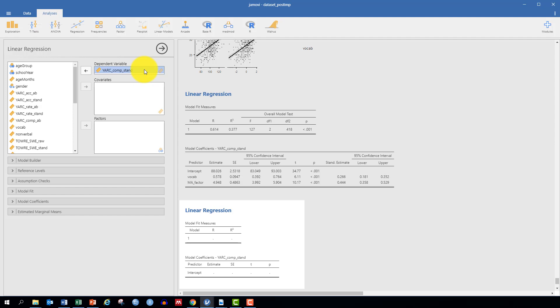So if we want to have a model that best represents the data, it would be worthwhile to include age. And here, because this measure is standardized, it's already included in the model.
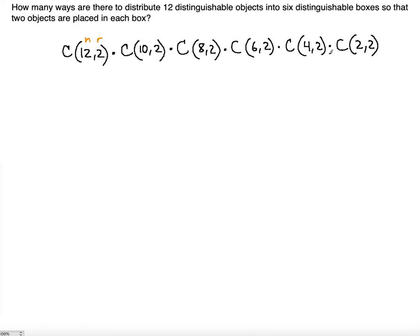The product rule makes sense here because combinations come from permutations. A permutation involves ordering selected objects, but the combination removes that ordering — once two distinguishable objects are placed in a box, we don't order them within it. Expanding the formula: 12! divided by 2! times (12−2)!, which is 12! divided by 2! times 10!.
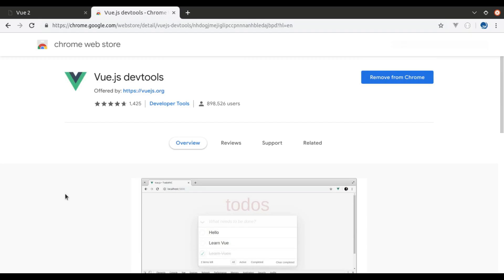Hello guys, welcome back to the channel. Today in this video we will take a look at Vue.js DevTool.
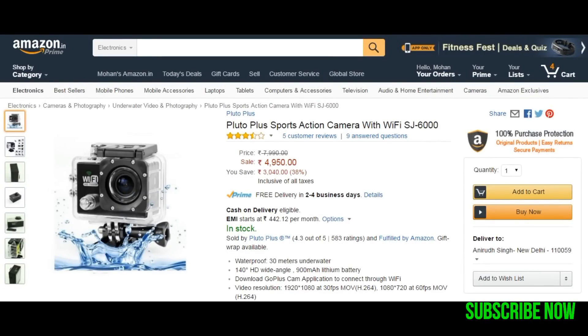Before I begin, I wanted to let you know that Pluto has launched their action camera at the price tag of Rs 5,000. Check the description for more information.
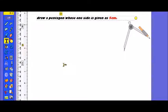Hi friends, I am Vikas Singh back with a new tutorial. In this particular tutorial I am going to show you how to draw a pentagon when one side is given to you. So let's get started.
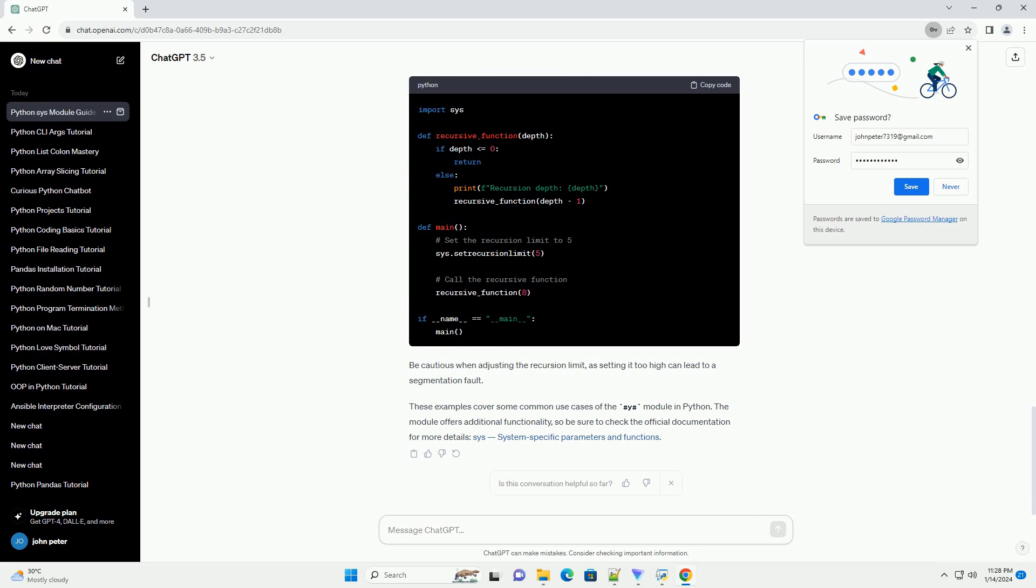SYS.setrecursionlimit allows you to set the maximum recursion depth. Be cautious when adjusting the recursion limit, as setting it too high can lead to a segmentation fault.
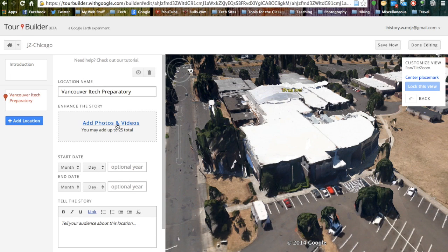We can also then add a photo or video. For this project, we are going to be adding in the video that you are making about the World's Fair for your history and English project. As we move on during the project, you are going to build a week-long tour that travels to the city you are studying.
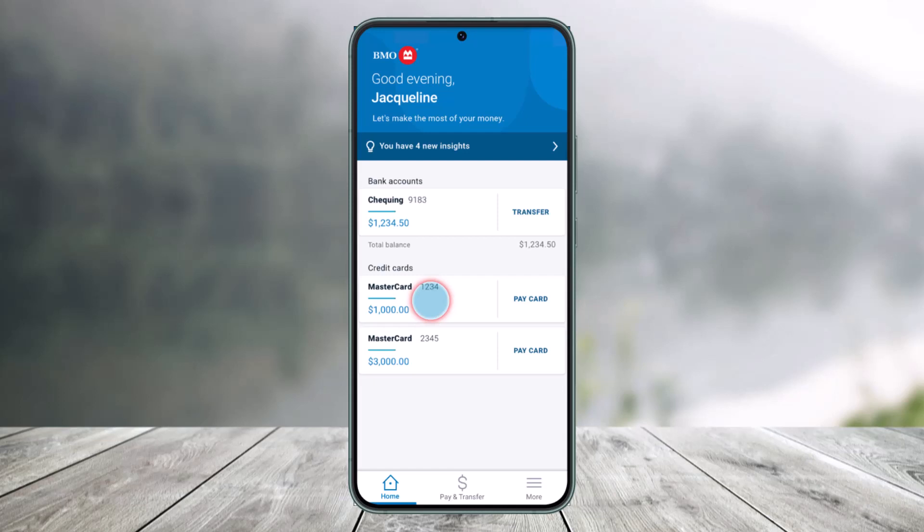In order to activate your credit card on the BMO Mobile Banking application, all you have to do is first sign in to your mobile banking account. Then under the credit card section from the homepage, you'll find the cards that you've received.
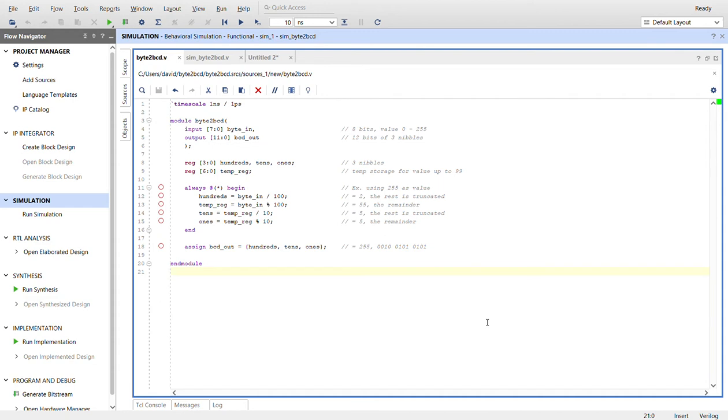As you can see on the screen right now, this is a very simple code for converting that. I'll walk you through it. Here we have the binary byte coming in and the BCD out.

::::::::

Extract, character for character, every line from the one that holds "Hi friends, I" through the end of the entries above. Include both boundary lines and no pictures.

WRITTEN RESPONSE:
Hi friends, I am Vikas Singh back with a new tutorial. In this particular tutorial I am going to show you how to draw a pentagon when one side is given to you. So let's get started.
SYS.setrecursionlimit allows you to set the maximum recursion depth. Be cautious when adjusting the recursion limit, as setting it too high can lead to a segmentation fault.
We can also then add a photo or video. For this project, we are going to be adding in the video that you are making about the World's Fair for your history and English project. As we move on during the project, you are going to build a week-long tour that travels to the city you are studying.
In order to activate your credit card on the BMO Mobile Banking application, all you have to do is first sign in to your mobile banking account. Then under the credit card section from the homepage, you'll find the cards that you've received.
As you can see on the screen right now, this is a very simple code for converting that. I'll walk you through it. Here we have the binary byte coming in and the BCD out.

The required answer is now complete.